Hoje, existem cerca de 170 mil pescadores na Bahia, sendo 12mil só em Salvador. Hoje, os diversos órgãos como Exército, Marinha, Polícia Ambiental, Capitania dos Portos, Bahiapesca, Ibama entre outros destacaram a necessidade da participação da sociedade ao denunciar o pescador ilegal que utiliza bombas. Com a redução da pesca ilegal terá como consequência o aumento de qualidade dos pescados, fato que beneficiará os profissionais da pesca. De acordo com o major Machado, comandante da Polícia Ambiental (COPPA), a legislação ambiental ainda é muito frágil, onde em muitas situações os criminosos permanecem em liberdade. Vale salientar que a Bahia é o estado com maior cobertura marinha do país.

Para Célio Costa Pinto, superintendente do IBAMA, a situação é grave e é fundamental a criação da Delegacia Ambiental. “Precisamos criar a Delegacia do Meio Ambiente para Salvador e região metropolitana, como temos em Ilhéus. Temos a delegacia da mulher, a delegacia do idoso, e precisamos ter também a delegacia do meio ambiente”, defendeu. Já Reinaldo Jorge, o Jorge da Pesca, presidente do SindPesca (Subúrbio/Simões Filho) a polícia e órgão de fiscalização precisam identificar quem são os fornecedores dos explosivos. “Esses explosivos não saem da casa do pescador, então temos que verificar onde essas bombas estão armazenadas, porque os próprios criminosos dizem que a bomba que mata o peixe também mata o pescador, o que acaba inibindo as denúncias”, alertou.

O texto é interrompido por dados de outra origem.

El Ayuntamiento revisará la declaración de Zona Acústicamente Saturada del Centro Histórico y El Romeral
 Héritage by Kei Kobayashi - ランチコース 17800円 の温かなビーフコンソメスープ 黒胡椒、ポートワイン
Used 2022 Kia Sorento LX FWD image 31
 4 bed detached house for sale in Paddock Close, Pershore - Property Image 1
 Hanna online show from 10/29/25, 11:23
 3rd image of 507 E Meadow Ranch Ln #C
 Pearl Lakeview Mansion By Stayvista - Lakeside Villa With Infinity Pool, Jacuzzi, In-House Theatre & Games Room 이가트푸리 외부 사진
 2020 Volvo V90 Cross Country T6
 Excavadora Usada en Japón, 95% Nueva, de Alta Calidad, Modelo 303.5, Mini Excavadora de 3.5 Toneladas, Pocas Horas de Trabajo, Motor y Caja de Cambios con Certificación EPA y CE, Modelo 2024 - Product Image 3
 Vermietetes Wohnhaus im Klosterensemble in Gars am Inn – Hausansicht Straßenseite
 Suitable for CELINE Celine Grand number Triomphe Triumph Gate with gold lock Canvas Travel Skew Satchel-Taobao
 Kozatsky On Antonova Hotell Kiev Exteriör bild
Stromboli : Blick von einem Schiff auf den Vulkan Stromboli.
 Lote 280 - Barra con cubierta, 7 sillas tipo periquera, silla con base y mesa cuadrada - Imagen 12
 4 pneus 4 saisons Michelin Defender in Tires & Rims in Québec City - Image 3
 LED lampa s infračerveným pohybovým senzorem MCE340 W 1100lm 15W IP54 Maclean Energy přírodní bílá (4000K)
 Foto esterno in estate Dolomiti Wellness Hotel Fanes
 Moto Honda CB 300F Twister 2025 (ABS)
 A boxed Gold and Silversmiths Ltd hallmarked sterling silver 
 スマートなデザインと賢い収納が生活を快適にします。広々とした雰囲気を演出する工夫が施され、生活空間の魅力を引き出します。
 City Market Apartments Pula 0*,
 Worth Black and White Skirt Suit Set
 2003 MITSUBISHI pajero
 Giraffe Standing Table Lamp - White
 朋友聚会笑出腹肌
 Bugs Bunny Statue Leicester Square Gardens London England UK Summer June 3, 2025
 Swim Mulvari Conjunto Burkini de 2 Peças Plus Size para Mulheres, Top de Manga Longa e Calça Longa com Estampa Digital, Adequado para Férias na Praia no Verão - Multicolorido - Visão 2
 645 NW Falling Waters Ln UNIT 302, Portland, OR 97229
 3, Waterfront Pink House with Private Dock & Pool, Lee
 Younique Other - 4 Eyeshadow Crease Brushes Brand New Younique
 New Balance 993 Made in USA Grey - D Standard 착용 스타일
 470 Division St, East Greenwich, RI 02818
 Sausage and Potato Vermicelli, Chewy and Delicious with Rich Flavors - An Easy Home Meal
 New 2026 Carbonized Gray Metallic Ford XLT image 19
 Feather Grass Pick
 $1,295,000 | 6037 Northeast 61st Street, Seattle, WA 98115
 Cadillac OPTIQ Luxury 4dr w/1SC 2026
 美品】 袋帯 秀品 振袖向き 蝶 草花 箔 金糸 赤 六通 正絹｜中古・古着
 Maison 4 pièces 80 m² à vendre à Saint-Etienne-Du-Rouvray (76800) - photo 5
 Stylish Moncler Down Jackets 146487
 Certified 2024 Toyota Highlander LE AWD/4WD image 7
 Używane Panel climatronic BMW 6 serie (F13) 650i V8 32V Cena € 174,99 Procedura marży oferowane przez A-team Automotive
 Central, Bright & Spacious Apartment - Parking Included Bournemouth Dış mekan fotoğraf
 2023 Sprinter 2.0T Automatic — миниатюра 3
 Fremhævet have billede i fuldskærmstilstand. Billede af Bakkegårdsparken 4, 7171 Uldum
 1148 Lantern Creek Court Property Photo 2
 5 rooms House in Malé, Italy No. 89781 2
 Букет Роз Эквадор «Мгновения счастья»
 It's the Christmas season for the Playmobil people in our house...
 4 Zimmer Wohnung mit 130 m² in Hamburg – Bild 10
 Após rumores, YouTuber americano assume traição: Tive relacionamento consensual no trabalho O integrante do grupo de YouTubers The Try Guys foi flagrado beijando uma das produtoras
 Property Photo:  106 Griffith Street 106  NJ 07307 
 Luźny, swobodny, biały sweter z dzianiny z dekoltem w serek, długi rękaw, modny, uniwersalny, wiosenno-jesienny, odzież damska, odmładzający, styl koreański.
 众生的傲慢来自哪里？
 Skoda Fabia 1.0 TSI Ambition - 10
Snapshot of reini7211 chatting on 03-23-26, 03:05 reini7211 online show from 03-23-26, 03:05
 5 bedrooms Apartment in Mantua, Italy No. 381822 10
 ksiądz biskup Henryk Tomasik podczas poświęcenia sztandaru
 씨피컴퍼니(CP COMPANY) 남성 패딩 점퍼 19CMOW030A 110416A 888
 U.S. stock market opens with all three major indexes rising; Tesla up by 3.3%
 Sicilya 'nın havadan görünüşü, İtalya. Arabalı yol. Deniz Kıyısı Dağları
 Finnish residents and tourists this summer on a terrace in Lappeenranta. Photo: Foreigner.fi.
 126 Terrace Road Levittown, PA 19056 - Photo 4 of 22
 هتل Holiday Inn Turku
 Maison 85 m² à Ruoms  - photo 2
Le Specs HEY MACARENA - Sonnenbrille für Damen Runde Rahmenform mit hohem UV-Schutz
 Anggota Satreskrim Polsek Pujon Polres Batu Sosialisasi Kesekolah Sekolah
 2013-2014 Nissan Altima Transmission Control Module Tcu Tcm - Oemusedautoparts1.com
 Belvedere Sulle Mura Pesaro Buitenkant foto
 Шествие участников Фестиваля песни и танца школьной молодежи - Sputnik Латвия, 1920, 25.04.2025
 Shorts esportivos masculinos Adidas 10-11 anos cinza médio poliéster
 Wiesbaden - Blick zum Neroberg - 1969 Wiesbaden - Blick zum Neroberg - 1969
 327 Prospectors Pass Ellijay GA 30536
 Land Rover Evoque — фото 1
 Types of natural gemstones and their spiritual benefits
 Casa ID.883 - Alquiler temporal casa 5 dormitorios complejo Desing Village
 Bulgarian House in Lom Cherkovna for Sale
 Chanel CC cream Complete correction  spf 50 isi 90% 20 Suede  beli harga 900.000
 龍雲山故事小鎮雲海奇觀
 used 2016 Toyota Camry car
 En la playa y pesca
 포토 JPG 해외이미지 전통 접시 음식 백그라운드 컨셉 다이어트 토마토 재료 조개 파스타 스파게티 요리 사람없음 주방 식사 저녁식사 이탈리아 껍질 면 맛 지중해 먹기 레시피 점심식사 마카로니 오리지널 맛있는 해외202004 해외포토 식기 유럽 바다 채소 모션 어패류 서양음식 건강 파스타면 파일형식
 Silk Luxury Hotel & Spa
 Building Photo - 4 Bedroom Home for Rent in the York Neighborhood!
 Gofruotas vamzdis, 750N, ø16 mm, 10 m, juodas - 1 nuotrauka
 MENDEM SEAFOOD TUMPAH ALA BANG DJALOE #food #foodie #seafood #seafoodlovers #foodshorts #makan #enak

De acordo com o capitão Arivando Soares de Moraes, o Exército juntamente com a Polícia Civil, faz operações de fiscalização desses explosivos de origem clandestina. “Mas é fundamental a colaboração da sociedade através de denúncias para que, juntos, consigamos combater esses criminosos”, disse. Também participaram da audiência Walternylson Souza, chefe do Serviço de Informações do INSS; Eduardo Rodrigues, assessor de Projetos Institucionais da Bahiapesca; e o Capitão Paes, da Capitania dos Portos.